Unfortunately, it's impossible to do this on stage with any security, and one should never outright TRY to be uncertain on your lines onstage, but Marlon Brando's film-acting technique of NEVER learning his lines and reading them off cue cards always worked well for him -- Sheila O'Malley writes a lovely take-down of Peter Manso's silly bio of Brando HERE, where she challenges Manso's snide suggestions that Brando using cue cards all over the set was some kind of unprofessional "cheat" that makes him less of an actor; as she notes, if his "unprofessionalism" brought us Terry Malloy, Vito Corleone, and Paul from Last Tango, three of the finest pieces of film acting ever, maybe it's Manso and anyone who agrees with him who need to reexamine their definitions of "cheating" and "unprofessional."
That said, that's for FILM acting; stage is different. Very very different, almost a completely different craft.

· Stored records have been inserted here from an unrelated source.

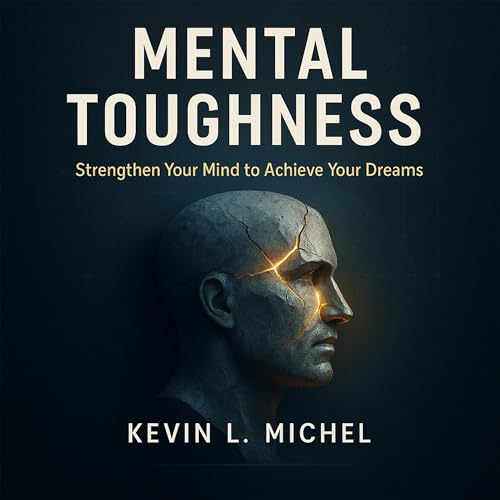 Mental Toughness by Kevin L. Michel episode artwork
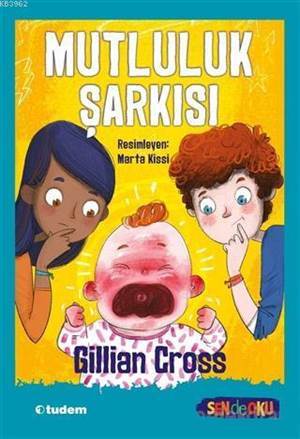Mutluluk Şarkısı - Sen De Oku - Tudem Yayınları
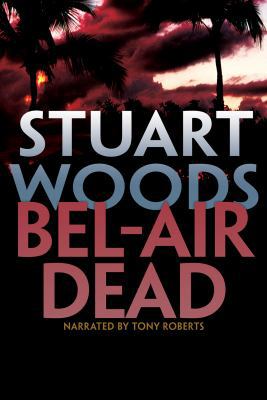 Bel-Air dead : a Stone Barrington novel 1456123505 Book Cover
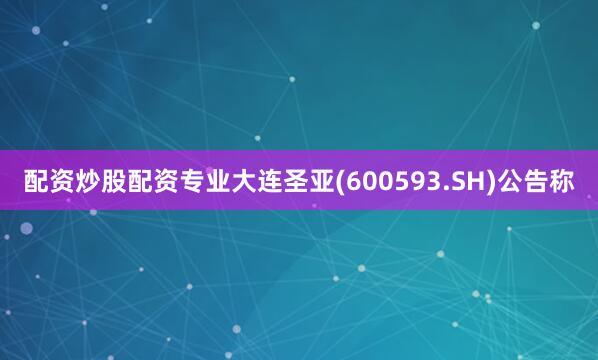 配资炒股配资专业大连圣亚(600593.SH)公告称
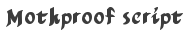 Mothproof script Font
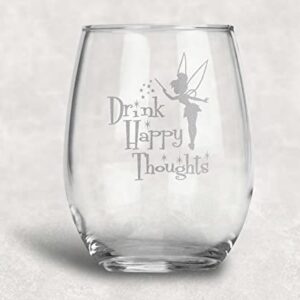 Drink Happy Thoughts • Stemless Wine Glass • Tinkerbell Gift • Fairy Gifts • Princess Wine Glasses • Graduation Gift • Funny Birthday Gift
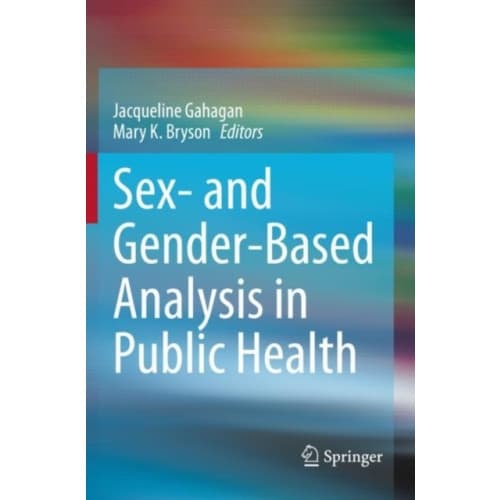 Sex- and Gender-Based Analysis in Public Health (häftad, eng)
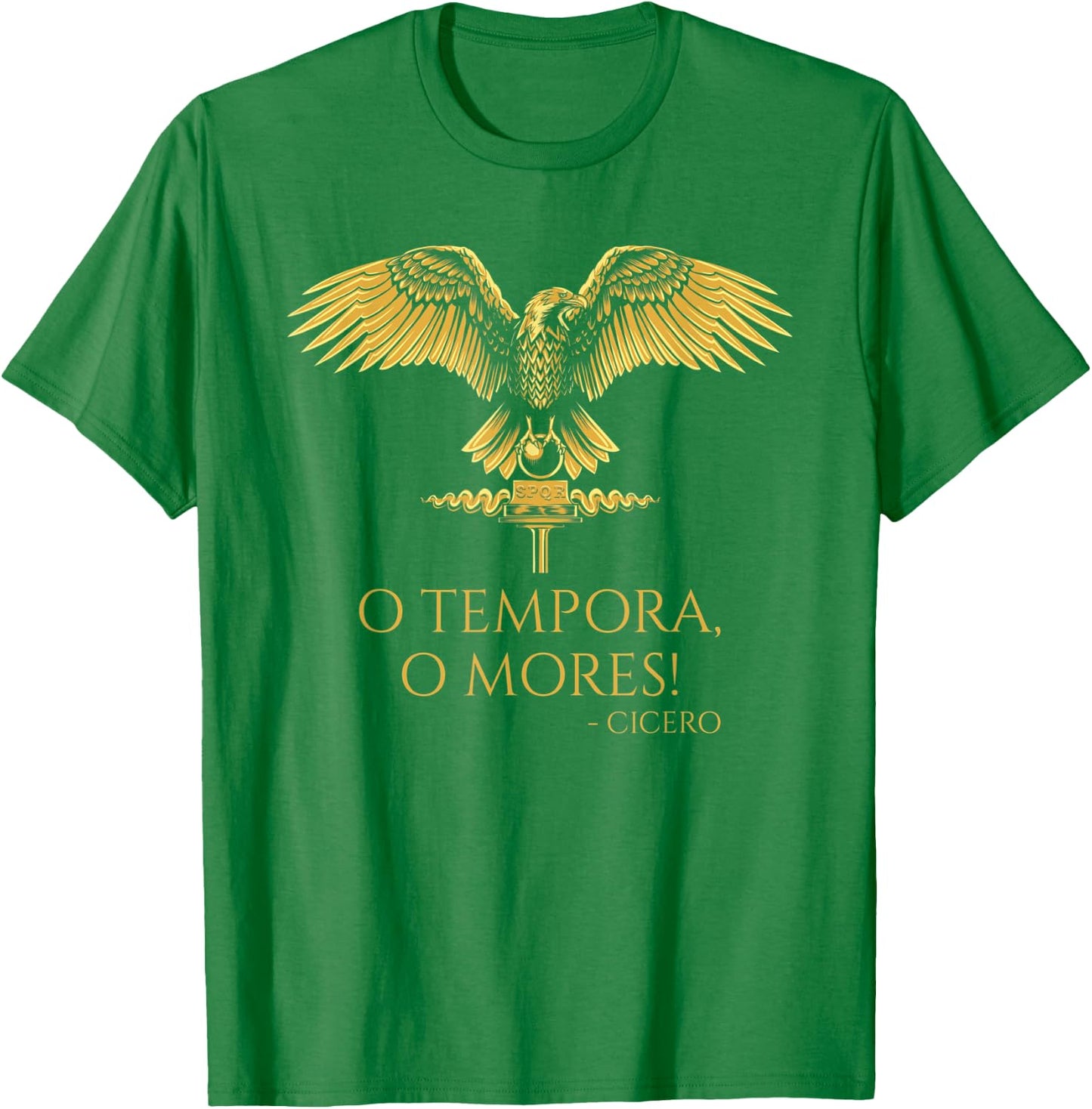 Classical Latin Cicero Quote - O Tempora, O Mores! - Rome T-Shirt - T-Shirt | Irish Green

And you have to go out as best prepared as possible -- when Brando did stage, after all, he knew his damned lines, as one should -- though it turns out the actors in my play Everything Must Go had their difficult, repetitive dialogue hidden on many cheat sheets all over the paper-covered desks on the set, to a far greater extent than I realized for some time. Which must mean they generally pulled it off, I suppose.
Now, back to the specific case here of Butz taking over this part in two weeks and going out needing a script and prompter, Playgoer has some gentle words:
It's really, really tough for an actor to go out on stage like this. You think going out off-book is vulnerable already! But this, especially when your cast mates are long off book, must feel very exposing. But I must say I admire Butz' humility in letting his process show, if you will.
I appreciate Playgoer's empathy here, but it's actually the kind of thing that also gets my back up, talk about the "vulnerability" of actors (which can wind up extending to the treatment of actors as gentle, "gifted," almost childlike "simple" creatures). Sorry, no. It's not delicate work -- it can be the exceedingly difficult work of CREATING delicate, fragile things with blunt, large, heavy tools (because that's all you have available), but even under the best of circumstances it should not be work for the "vulnerable."
Yes, okay, there is deep, dark, often painful emotional work that has to go on in acting, often. Sometimes you DO have to be "vulnerable" in some way to connect with a part. But that's homework. That's between you and the play, alone, on your own, and has no business in the rehearsal room or at an actual performance. That doesn't mean you're not making it real when you do it onstage, that you're simply "imitating" something you've gone through for real before, but that you have learned to turn on the real feelings and focus them properly in the direction where the play needs to go when it needs you to because you've already worked it out for yourself. That's craft.
I can't imagine going onstage feeling "vulnerable," myself. The character may be vulnerable, and I may feel all of that completely as if it's my own, but there's always an actor in control of himself who makes every entrance onstage with the feeling of being superhumanly impervious, even when he is, in fact, not completely properly prepared to do it -- if there is an audience there waiting to see a show, it is my job to go out and do my part of it without fear (or, I would think, "humility"). No, I don't feel every actor can be (or needs to be) this ridiculously overconfident in doing their work (I need it), but there is a base level of competence I would expect of an actor that doesn't include feeling "vulnerable" as a craftsperson when doing their job.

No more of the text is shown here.